The General Dental Council (GDC) voted at its meeting on 8 December 2005 to recommend that Special Care Dentistry become a new specialty, ending years of lobbying and months of speculation. The GDC Review Group, taking on the Joint Advisory Committee for Special Care Dentistry's (JACSCD) definition of the discipline as 'the improvement of oral health of individuals and groups in society who have a physical, sensory, intellectual, mental, medical emotional or social impairment or disability or, more often, a combination of these factors', decided that the establishment of such a specialty would be in the interests of patients. This would be served, the Group added by:

  • Providing an appropriate referral option for patients with special needs.

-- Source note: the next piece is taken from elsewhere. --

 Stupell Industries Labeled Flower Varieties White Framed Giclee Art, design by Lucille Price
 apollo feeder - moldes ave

  • Providing a group of highly trained specialists who could support and help educate other dental practitioners in the provision of care for patients with special needs.

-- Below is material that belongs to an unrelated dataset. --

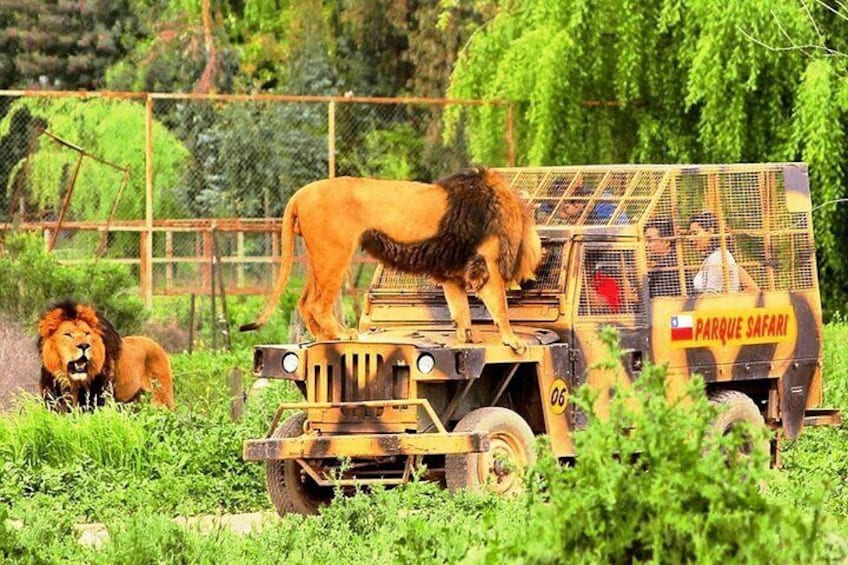 Safari Park, Wild Experience 2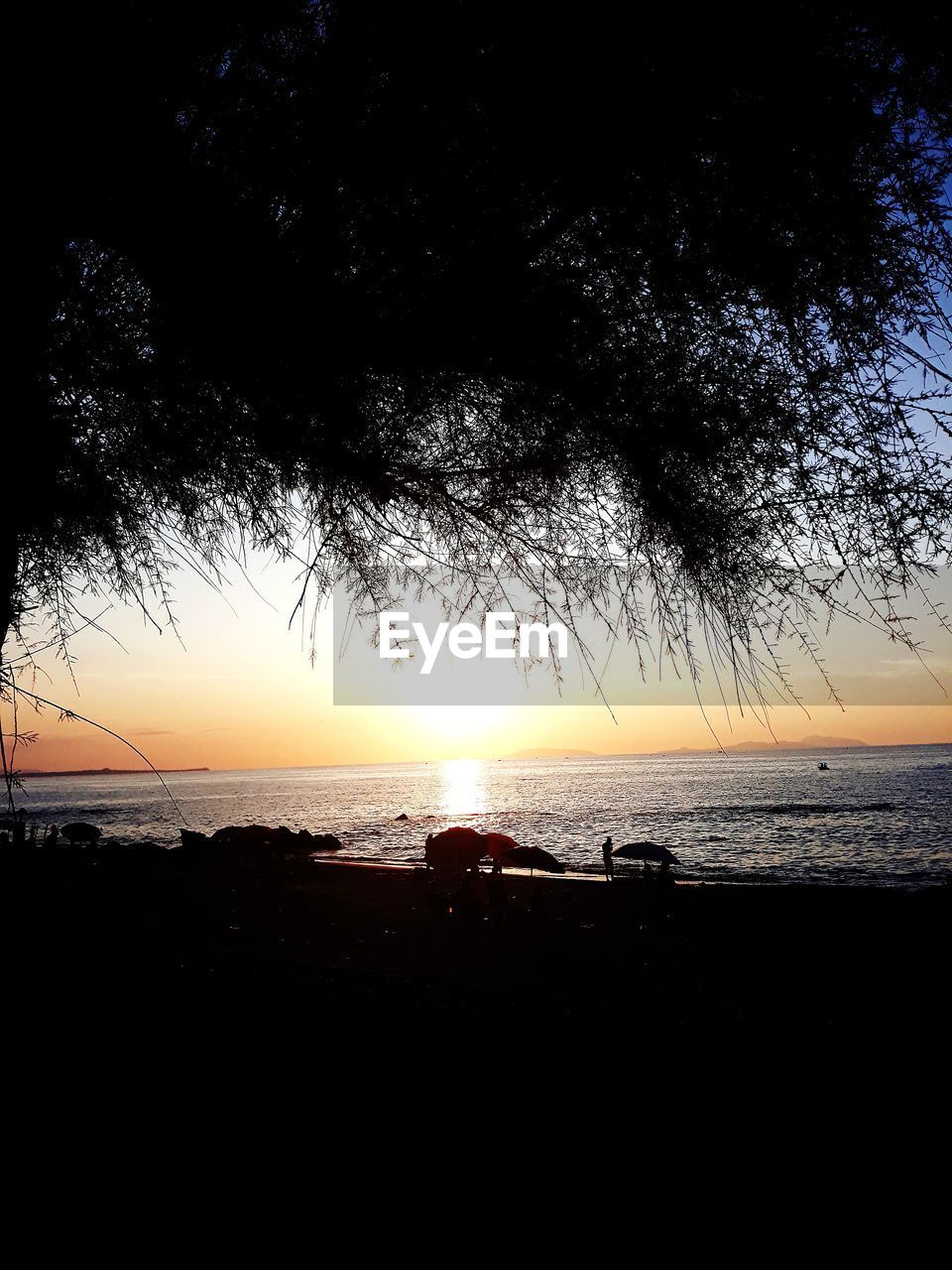 SILHOUETTE TREE ON BEACH AGAINST SKY DURING SUNSET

  • Improving the standard of care for this group of patients.

In this context the Review Group felt that Special Care Dentistry was a distinctive branch of dentistry in terms of the overall treatment need of a particular group of patients and parallels were drawn with the already established specialty of Paediatric Dentistry. They had received a large number of responses from a wide range of individuals and bodies with arguments both for and against the establishment of the specialty. In the future, specialists in Special Care Dentistry will help to meet the need for an interface between primary and secondary care in providing an appropriate referral option. Additionally, they will fulfil the role of supporting and teaching other dentists how to meet the needs of this particular group of patients.